The Blue Mountains City Council (BMCC) has become the first Local Council – and in fact the first Government entity – in Australia, to embed ‘Rights of Nature’ as a keystone concept into its operational practices, planning process and advocacy program.
The following text is from the media release that I wrote for AELA, which includes some excellent quotes from the people we worked with, to make it all happen.
On 27 April 2021, the Council unanimously resolved to proceed with a new program of action that will see Rights of Nature concepts inform its long-term planning and operational activities.
The innovative approach was developed in response to a resolution passed by an Ordinary Meeting of the BMCC on 31 March 2020. Between March 2020 and the decision this week, the BMCC consulted with the Australian Earth Laws Alliance and other legal advisors for the Council – and carried out a detailed analysis of what it might mean for the BMCC to have Rights of Nature as a keystone concept in its operations.
The Council will begin its program by hosting community workshops and in-depth discussions with Indigenous and non-indigenous peoples across the Blue Mountains, to explore what Rights of Nature and other ecocentric concepts mean for the people and economies of the region.
“The Council sees this process as a critical way to meet its obligations for long term social and environmental health,” said Councillor Brent Hoare. “In the 21st Century we’re facing tremendous challenges – with climate change, the related threat of increasingly ferocious bushfires, the biodiversity crisis and a changing economy. Rights of Nature can help catalyse an innovative rethinking about how to create regenerative, not extractivist, economies, while also making human and other living communities safer, stronger and more resilient”.
“This is an exciting step forward for public policy in Australia, and the Blue Mountains City Council must be commended for its innovation,” said Dr Michelle Maloney, National Convenor of the Australian Earth Laws Alliance (AELA). “For the first time, we’re seeing a government entity seriously consider how to shift from the western approach of treating nature as just a resource or object to be managed solely for human purposes, towards really seeing nature as a living community, with its own rights to exist, thrive and regenerate.”
Kingsley Liu, a lawyer and Blue Mountains Greens council election candidate who has been a strong advocate for Earth Laws and Rights of Nature, commended the Council. “This is an important initiative – one which will I hope will inspire the Blue Mountains community – and other Councils and communities around Australia – to integrate ecocentric principles into their systems.”
The Rights of Nature has been emerging as a legal and social movement around the world, since early this century. In 2006, local municipalities in the USA began asserting community and nature’s rights in local ordinances, in 2008 the nation of Ecuador recognized the Rights of Nature in its National Constitution, and in 2010 Bolivia recognized the Rights of Nature in national legislation. Since 2017, we have also seen specific ecosystems (rivers, mountains, glaciers) recognized as having their own legal status, in countries such as New Zealand, India, Bangladesh, Columbia and Mexico.
“This really is a critically important first step,” said Maloney. “While it’s not a ‘Rights of Nature’ law, its actually even more appropriate at this stage.
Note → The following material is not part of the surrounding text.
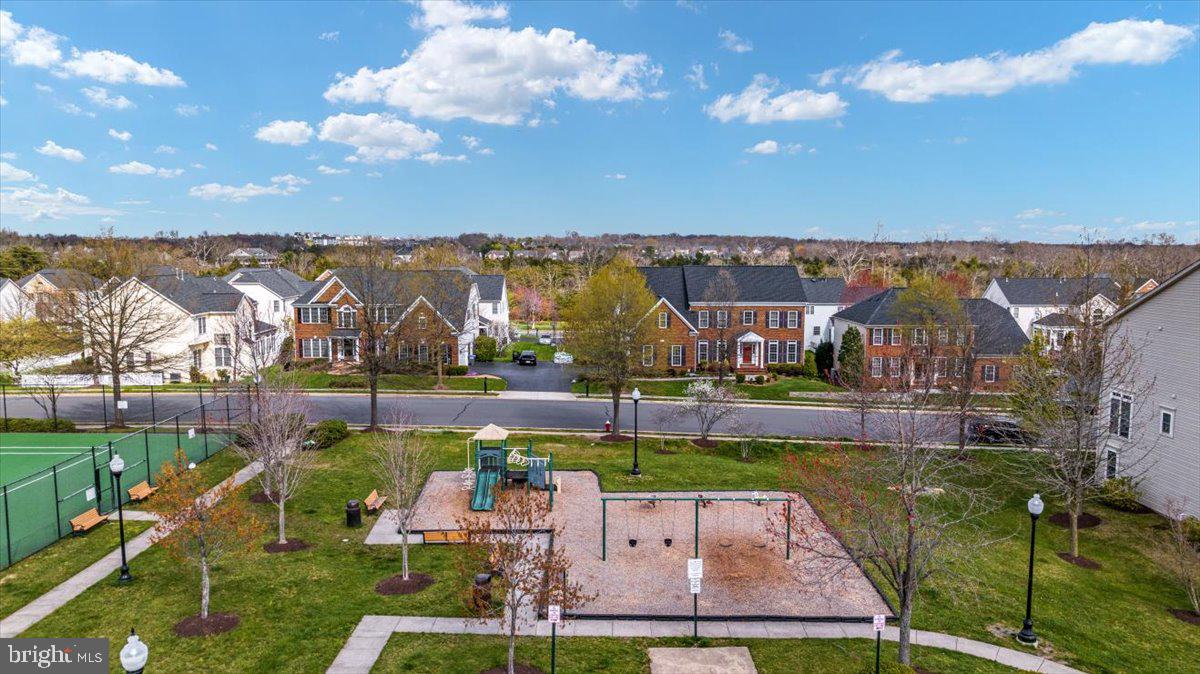 SOUTH RIDING - Residential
It’s a commitment by a Local Council to develop a dialogue in the community, as well as very practical strategies to shift the way we make decisions, to shift the way we see the economy, and change the way we treat nature. Importantly, it also helps create a shift in the way we see ourselves: Rights of Nature invites us to see ourselves as part of a living community – not as the only members of a living community.”